Alan: I'll say this, though- having watched a fair number of clips of Saric, I could see him becoming at least a passable shooter. The form is nice, the confidence is there, and all accounts are that he's been on fire lately. Now, athletically, I don't know if he can stay at the 3, but if he does, I definitely see some Turkoglu to him. The fact that so many people talk about his BBIQ definitely paints him a Dallas pick. I know they tend to value that over other more tangible traits sometimes.

Also going back to Andy's point about why Dallas is always linked to guys who can do X but not Y, there are teachable attributes and non-teachable ones. If you're smart, you're always going to look first at the latter. Things like size, athleticism, BBIQ.

Guys that already can shoot or play point or have a polished post game are nice, but they tend to be closer to a finished product. Without one of those three qualities mentionef above they aren't likely to get better or be starter quality if they reach their ceiling. If they do have a few of those three and the polish, generally they're top 5 or at worst top 10 picks.

I'll admit, I thought they would be looking to use this pick to get someone who could help right away, whether it be a trade for someone like Eric Bledsoe or taking a lower ceiling guy like Deng or McCollum.

If that's not the case, and they're targeting someone like Saric to stash, that shows encouraging progress in their utilizing a longterm asset management approach. I like it. Now just bring over Calathes and I'll be happy.

Andrew: One of the questions I've always had is along these teachable skills lines---for example the idea that you can just "learn" a jumpshot. Obviously, there are success stories, but aren't there also a lot of failures? What about a guy like Blake Griffin who supposedly was always going to learn it, but shot under 40% everywhere around the basket, or somebody like Dominique Jones in the Mavericks case. Is the fact that some players do add skills to their repertoire unfairly prejudicing us to believe that it's universally possible?

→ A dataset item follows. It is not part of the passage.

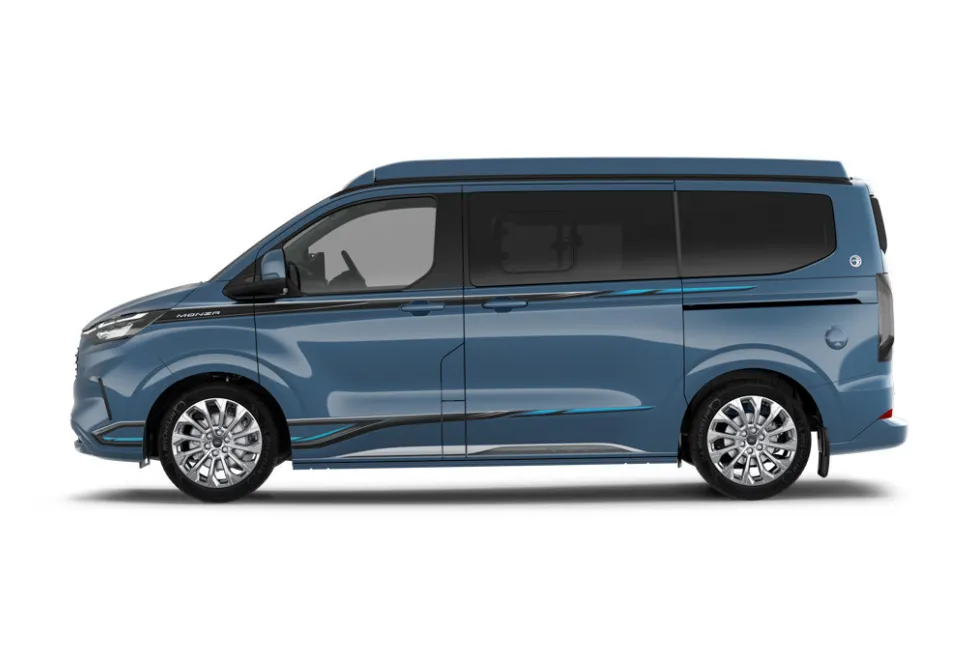 Swift Monza S 2026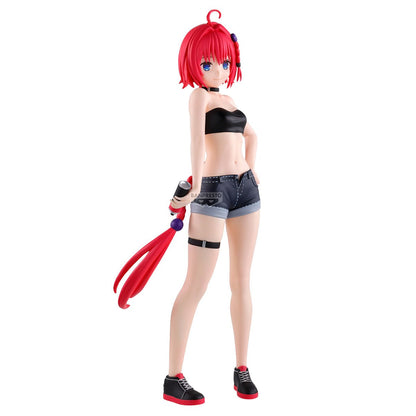 Mea Kurosaki Glitter & Glamours Banpresto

Jonathan:That's the $1 million question when it comes to evaluating so many of these players. How much can shooting be learned at the professional level? One thing I wonder is that by the time you're in your mid-20's, you have so much muscle memory that's hard to unlearn. For every Jason Kidd, there are so many guys who never do pick up the J.

The Spurs seem to do a really good job with Chip Engelland, but if you look around the league, it's really hit or miss as to guys who pick up a jumper.

One thing I wonder is how much of it is purely shot selection. Kawhi Leonard is a guy whose shot much better in the pros, but how much of that is a function of his role in the Spurs offense? At San Diego State, he was always the guy creating shots off the dribble at the end of the clock, while he takes the majority of his 3's in SA on open looks from the corner.

Kirk: These are fun questions - what I think the mavs analysts do poorly is judge how a player works within a team concept. We keep taking guys who might have a particular skill, but with zero idea of whether they can play basketball with other people. I know a lot of it is the AAU culture, but nothing vexes me more than when I see a guy like Jae Crowder stand around the line instead of cutting and moving.

Alan: Blake Griffin is still young enough to learn that jumper, and I'll say that even if he's not great from there by any means, he does look better than at OU. Of course, your point is still valid. Really, it's got to be a case by case basis. With Saric, the size and smarts make me think the shooting touch won't need to be extraordinary for hin to be a rotation guy. I'm much more concerned about which position he guards. Which isn't to say he can't guard anyone, just that I haven't seen him enough to know.